|The unfinished health agenda: Neonatal mortality in Cambodia|
||Rathmony Hong, Pauline Yongeun Ahn, Frank Wieringa, Tung Rathavym, Ludovic Gauthier, Rathavuth Hong, Arnaud Laillou, Judit Van Geystelen, Jacques Berger, and Etienne Poirot
||PLOS ONE , 12(3): e0173763; https://doi.org/10.1371/journal.pone.0173763
Reduction of neonatal and under-five mortality rates remains a primary target in the achievement of universal health goals, as evident in renewed investments of Sustainable Development Goals. Various studies attribute declines in mortality to the combined effects of improvements in health care practices and changes in socio-economic factors. Since the early nineties, Cambodia has managed to evolve from a country devastated by war to a nation soon to enter the group of middle income countries. Cambodia's development efforts are reflected in some remarkable health outcomes such as a significant decline in child mortality rates and the early achievement of related Millennium Development Goals. An achievement acknowledged through the inclusion of Cambodia as one of the ten fast-track countries in the Partnership for Maternal, Newborn and Child Health. This study aims to highlight findings from the field so to provide evidence for future programming and policy efforts. It will be argued that to foster further advances in health, Cambodia will need to keep neonatal survival and health high on the agenda and tackle exacerbating inequities that arise from a pluralistic health system with considerable regional differences and socio-economic disparities.
Data was drawn from Demographic Health Surveys (2000, 2005, 2010, 2014). Information on a series of demographic and socio-economic household characteristics and on child anthropometry, feeding practices and child health were collected from nationally representative samples. To reach the required sample size, live-births that occurred over the past 10 years before the date of the interview were included. Demographic variables included: gender of the child, living area (urban or rural; four ecological regions (constructed by merging provinces and the capital), mother’s age at birth (<20, 20–35, 35+), birth interval (long, short) and birth order (1st, 2–3, 4–6, 7+).
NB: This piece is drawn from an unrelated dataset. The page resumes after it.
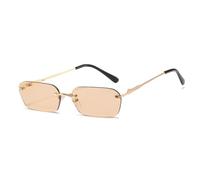 SKFGNX Modische kleine rechteckige randlose Sonnenbrille für Damen, Vintage-Stil, klare Ozean-Gläser, Brillen für Herren, rosa-gelbe ovale Sonnenbrillen, Teefarben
Socio-economic variables included: mother education level (none, primary, secondary+) and household wealth (asset-based index). Data on antenatal care, tetanus injection and skilled assistance at birth were used for the mother's last child.
Between 2000 and 2014, Cambodia achieved a considerable reduction in neonatal mortality (46% reduction rate). By 2014, gender inequities became almost non-existent (for all measures of equality); inequity related to mother’s education decreased for all time periods; improvements were observed for differences in neonatal mortality by preceding birth interval; and a reduction in neonatal mortality rates could be noted among all the regional subgroups. Inequities increased between mothers who had limited antenatal care and those who received more than four antenatal care visits. In most scale indicators, the Slope Index of Inequality and Relative Index of Inequality estimates for all four rounds of the survey suggest inequity exacerbated in deprived communities. Also, wealth and residence (urban/rural divide) continued to be major determinants in neonatal mortality rates and related inequity trends.
Analysis highlighted some of the complex patterns and determinants of neonatal mortality, in Cambodia. There has been a considerable decline in neonatal mortality which echoes global trends. Our analysis reveals that despite these advances, additional socio-economic and demographic characteristics considerably affected neonatal mortality rates and its inequities. There continue to be pockets of vulnerable groups that are lagging behind. This analysis highlights the determinants along the urban-rural and rich-poor divides in neonatal mortality inequities and how these affect access to and utilization of quality basic health services. This calls for future policy and programming efforts to be deliberate in their equity approach. Quality improvements in health services and targeted interventions for specific socio-economic groups will be required to further accelerate progress in reducing neonatal mortality and address Cambodia’s pressing unfinished agenda in health.